LAND O’ LAKES, Fla. (WFLA) – When a gigantic sinkhole ate two homes in her Pasco County neighborhood, Emily Geldbaugh couldn’t believe it.
Nearly two weeks later and she also can’t believe that she’s still waiting to find out if it’s safe to return to her Ocean Pines Drive home.
“Just can’t stay there right now,” Geldbaugh said. “Can’t live there.”
Even though everything she owns is inside.
“So, for you, it’s sort of a wait and wonder situation?” we asked.
“A long wait probably, but I feel fortunate,” she said.
Other residents who live near the sinkhole can’t get to their belongings because emergency crews declared at least six homes next to the sinkhole unsafe and ordered people to stay away.
We were there Tuesday as engineers and geologists collected data and used 3D imaging above and below the ground to get a better understanding of the activity around the hole.

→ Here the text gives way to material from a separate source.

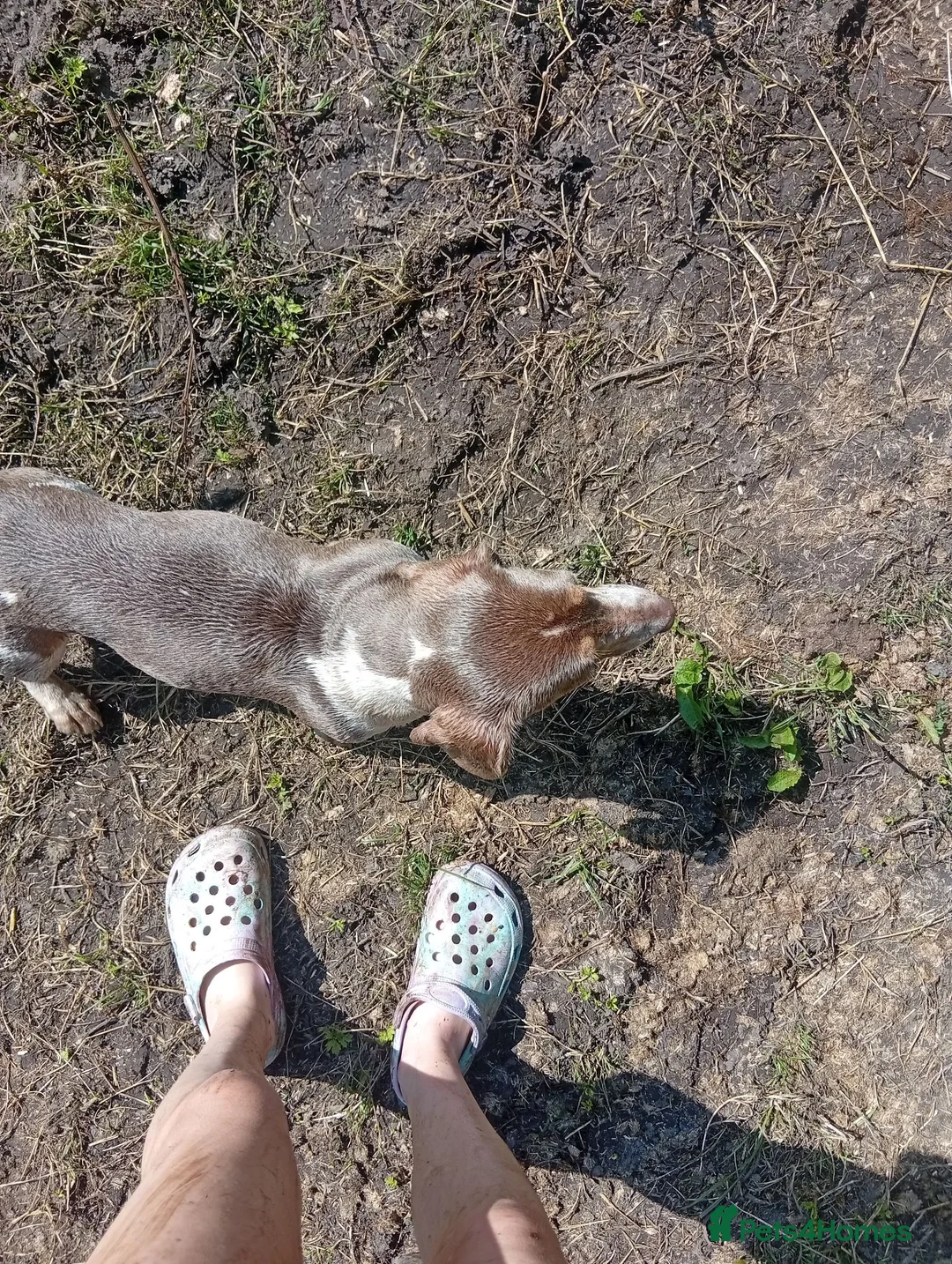 Dachshund dogs for stud: ISABELLA DAPPLED CHEAP STYD in Bradford - Advert 5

“It’s not really prevention in that things are going to happen,” said University of South Florida Associate Professor Lori Collins. “It’s just where we tend to develop and where we have buildings and where susceptible places are.”
Within the next few weeks, the homeowners who lost their homes should know if it’s their responsibility to clean up the things that fell into the sinkhole or if the county will take on the task.
And Emily Geldbaugh must determine if she’ll return knowing how close she came to calamity.
“I don’t think I’d be comfortable living there at all,” she said.